== Segment start ==

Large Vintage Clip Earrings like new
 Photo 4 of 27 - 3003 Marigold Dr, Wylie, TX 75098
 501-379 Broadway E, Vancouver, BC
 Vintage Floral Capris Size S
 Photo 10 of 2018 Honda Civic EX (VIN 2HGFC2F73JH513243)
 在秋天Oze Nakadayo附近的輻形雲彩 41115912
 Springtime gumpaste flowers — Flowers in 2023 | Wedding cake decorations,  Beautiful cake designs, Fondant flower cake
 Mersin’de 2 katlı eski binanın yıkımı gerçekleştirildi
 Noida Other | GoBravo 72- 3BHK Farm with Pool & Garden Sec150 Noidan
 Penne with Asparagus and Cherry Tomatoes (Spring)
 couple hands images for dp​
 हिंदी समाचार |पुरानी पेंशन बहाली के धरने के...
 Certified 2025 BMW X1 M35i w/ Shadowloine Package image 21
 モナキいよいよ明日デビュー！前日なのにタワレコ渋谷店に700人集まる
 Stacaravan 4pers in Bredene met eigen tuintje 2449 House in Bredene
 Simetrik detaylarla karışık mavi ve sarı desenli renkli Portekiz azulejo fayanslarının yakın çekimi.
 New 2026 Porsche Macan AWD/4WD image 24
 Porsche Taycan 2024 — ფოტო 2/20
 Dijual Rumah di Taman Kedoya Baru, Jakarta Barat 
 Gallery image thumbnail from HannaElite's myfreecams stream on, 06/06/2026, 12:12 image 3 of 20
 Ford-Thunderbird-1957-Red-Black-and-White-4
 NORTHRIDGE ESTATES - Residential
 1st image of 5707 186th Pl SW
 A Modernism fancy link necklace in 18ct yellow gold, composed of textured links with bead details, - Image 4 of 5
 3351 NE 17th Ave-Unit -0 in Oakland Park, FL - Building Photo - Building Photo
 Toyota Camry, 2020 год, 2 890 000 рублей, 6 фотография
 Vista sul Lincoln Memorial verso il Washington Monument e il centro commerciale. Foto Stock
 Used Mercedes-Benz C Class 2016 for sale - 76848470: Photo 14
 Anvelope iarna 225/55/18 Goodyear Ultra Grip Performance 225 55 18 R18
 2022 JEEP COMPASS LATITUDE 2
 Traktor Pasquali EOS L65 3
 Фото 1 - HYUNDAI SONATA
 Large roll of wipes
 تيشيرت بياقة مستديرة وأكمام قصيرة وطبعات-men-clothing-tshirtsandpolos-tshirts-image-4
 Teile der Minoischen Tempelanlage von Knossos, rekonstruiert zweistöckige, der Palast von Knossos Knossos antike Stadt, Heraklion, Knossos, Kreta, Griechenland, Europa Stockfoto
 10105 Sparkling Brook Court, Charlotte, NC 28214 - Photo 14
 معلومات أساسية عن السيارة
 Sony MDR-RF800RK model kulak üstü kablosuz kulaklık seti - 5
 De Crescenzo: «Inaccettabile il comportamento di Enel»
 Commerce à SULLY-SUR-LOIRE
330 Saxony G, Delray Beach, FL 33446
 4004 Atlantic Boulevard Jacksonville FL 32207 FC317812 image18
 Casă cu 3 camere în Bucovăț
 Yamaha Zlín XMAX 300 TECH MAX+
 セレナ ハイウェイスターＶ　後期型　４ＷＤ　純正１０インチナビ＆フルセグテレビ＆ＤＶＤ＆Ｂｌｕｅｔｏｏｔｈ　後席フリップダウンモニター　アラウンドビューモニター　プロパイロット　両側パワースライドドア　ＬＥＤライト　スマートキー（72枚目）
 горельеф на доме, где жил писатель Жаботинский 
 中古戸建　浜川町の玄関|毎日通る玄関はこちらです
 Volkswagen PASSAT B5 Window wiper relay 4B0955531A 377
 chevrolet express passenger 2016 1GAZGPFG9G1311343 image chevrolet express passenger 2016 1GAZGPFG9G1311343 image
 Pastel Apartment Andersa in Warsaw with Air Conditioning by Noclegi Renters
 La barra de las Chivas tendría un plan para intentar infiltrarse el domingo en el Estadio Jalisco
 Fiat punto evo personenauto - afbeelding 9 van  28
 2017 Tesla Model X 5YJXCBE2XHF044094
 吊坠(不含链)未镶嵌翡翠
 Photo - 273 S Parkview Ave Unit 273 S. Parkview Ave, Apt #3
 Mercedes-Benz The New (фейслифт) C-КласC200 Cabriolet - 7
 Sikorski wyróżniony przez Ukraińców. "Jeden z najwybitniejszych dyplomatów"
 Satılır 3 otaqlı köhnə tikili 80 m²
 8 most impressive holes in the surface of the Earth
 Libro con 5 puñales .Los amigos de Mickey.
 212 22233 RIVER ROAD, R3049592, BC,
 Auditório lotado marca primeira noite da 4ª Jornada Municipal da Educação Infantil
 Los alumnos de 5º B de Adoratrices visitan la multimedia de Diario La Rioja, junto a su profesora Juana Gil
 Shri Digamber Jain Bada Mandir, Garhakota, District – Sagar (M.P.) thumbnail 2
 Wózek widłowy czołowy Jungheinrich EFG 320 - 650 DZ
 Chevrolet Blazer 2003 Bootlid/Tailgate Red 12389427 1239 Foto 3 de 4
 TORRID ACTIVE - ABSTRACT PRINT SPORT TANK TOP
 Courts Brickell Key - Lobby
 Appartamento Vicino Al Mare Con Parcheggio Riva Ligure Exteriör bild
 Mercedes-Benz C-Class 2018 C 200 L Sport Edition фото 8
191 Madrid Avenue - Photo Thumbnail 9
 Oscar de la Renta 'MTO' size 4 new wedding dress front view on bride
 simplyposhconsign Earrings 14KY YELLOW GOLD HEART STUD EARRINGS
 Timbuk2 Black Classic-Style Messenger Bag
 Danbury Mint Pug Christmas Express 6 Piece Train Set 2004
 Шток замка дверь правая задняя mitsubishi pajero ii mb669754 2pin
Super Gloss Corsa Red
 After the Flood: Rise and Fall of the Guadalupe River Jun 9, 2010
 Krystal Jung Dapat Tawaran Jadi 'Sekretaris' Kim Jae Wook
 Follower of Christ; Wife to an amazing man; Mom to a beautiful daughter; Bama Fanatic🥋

== Segment end ==

◆ **Problem to work on**: Retype the records above from the very first line down to the line with "हिंदी समाचार |पुरानी", keeping both of those lines. Include nothing beyond them.

◆ **Solution to this exercise**:
Large Vintage Clip Earrings like new
 Photo 4 of 27 - 3003 Marigold Dr, Wylie, TX 75098
 501-379 Broadway E, Vancouver, BC
 Vintage Floral Capris Size S
 Photo 10 of 2018 Honda Civic EX (VIN 2HGFC2F73JH513243)
 在秋天Oze Nakadayo附近的輻形雲彩 41115912
 Springtime gumpaste flowers — Flowers in 2023 | Wedding cake decorations,  Beautiful cake designs, Fondant flower cake
 Mersin’de 2 katlı eski binanın yıkımı gerçekleştirildi
 Noida Other | GoBravo 72- 3BHK Farm with Pool & Garden Sec150 Noidan
 Penne with Asparagus and Cherry Tomatoes (Spring)
 couple hands images for dp​
 हिंदी समाचार |पुरानी पेंशन बहाली के धरने के...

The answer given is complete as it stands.